### Problem to solve
Restate the data below word for word, and let no image into your version.

### Material for this task

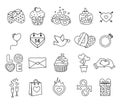 Set valentine day objects, Love icon Royalty Free Stock Photo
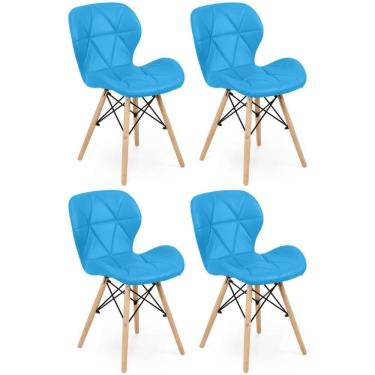 Imagem de Kit 04 Cadeiras Charles Eames Eiffel Slim Wood Estofada - Azul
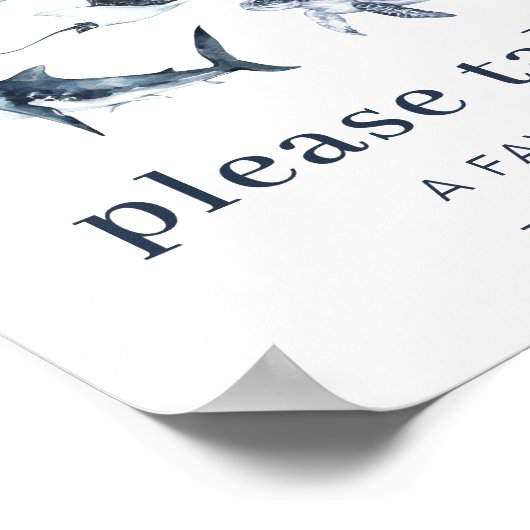 海動物の誕生日の好意のサイン ポスター (角)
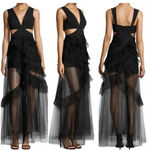 BCBGMaxazria Joela Tulle Pleated Waist Cutot Ruffle Maxi Gown Black Women's 0 Photo 1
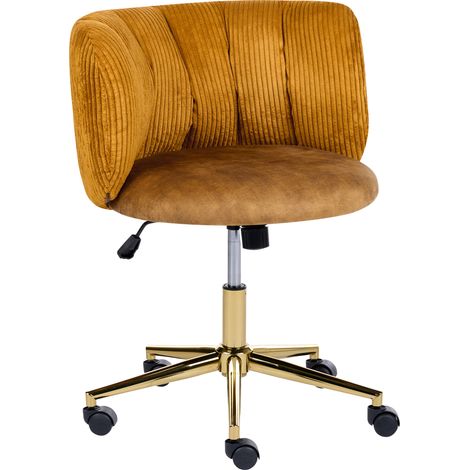 Silla de escritorio retro para oficina con base giratoria respaldo reclinable altura ajustable de pana con asiento de terciopelo estructura de hierro dorada mostaza Pelora (1/5)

### Response to the exercise
 Set valentine day objects, Love icon Royalty Free Stock Photo
 Imagem de Kit 04 Cadeiras Charles Eames Eiffel Slim Wood Estofada - Azul
 海動物の誕生日の好意のサイン ポスター (角)
 BCBGMaxazria Joela Tulle Pleated Waist Cutot Ruffle Maxi Gown Black Women's 0 Photo 1
 Silla de escritorio retro para oficina con base giratoria respaldo reclinable altura ajustable de pana con asiento de terciopelo estructura de hierro dorada mostaza Pelora (1/5)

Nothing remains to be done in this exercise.